Required work
Omit the images, then print each record below exactly as it reads.

Dataset items
++++++++++
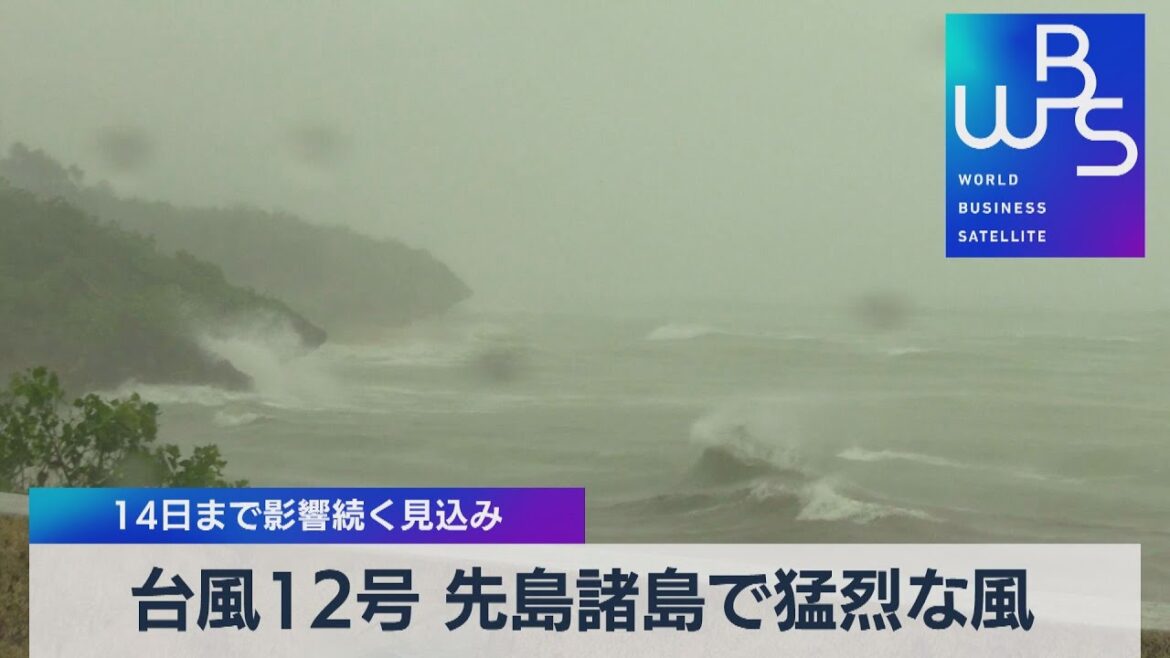 台風12号 先島諸島で猛烈な風 14日まで影響続く見込み【WBS】（2022年9月12日）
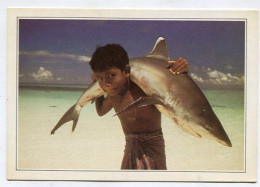 AK150256 MALDIVES - Requin à Pointe Blanche - Maldivas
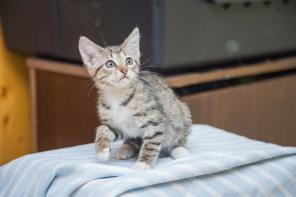Которыцарь в поисках дома!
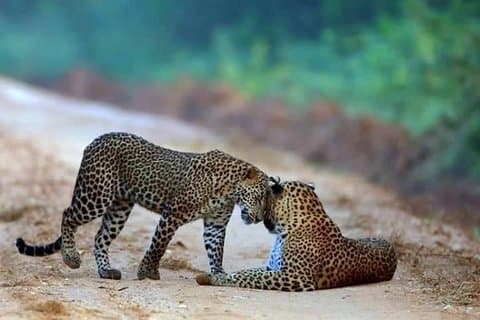 Safari i Wilpattu National Park fra Negombo (dagturné med alt inklusive)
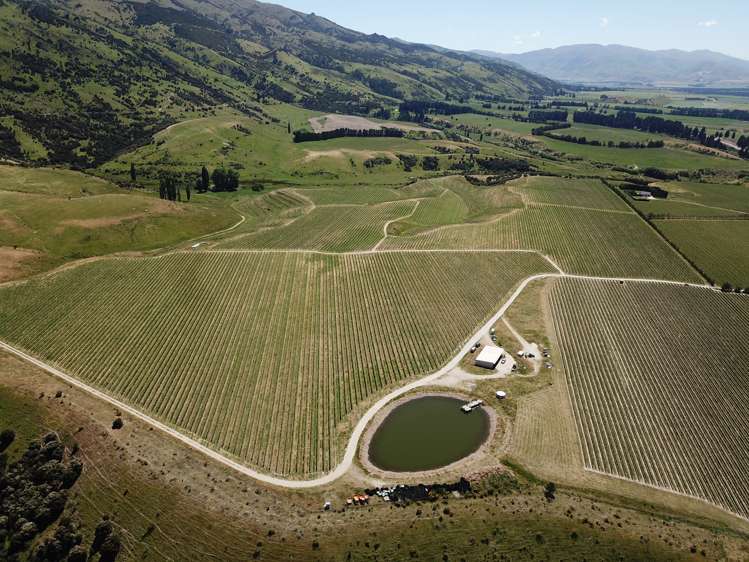 Luggate-Cromwell Road Queensberry_3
++++++++++
Answer for the task
 台風12号 先島諸島で猛烈な風 14日まで影響続く見込み【WBS】（2022年9月12日）
 AK150256 MALDIVES - Requin à Pointe Blanche - Maldivas
Которыцарь в поисках дома!
 Safari i Wilpattu National Park fra Negombo (dagturné med alt inklusive)
 Luggate-Cromwell Road Queensberry_3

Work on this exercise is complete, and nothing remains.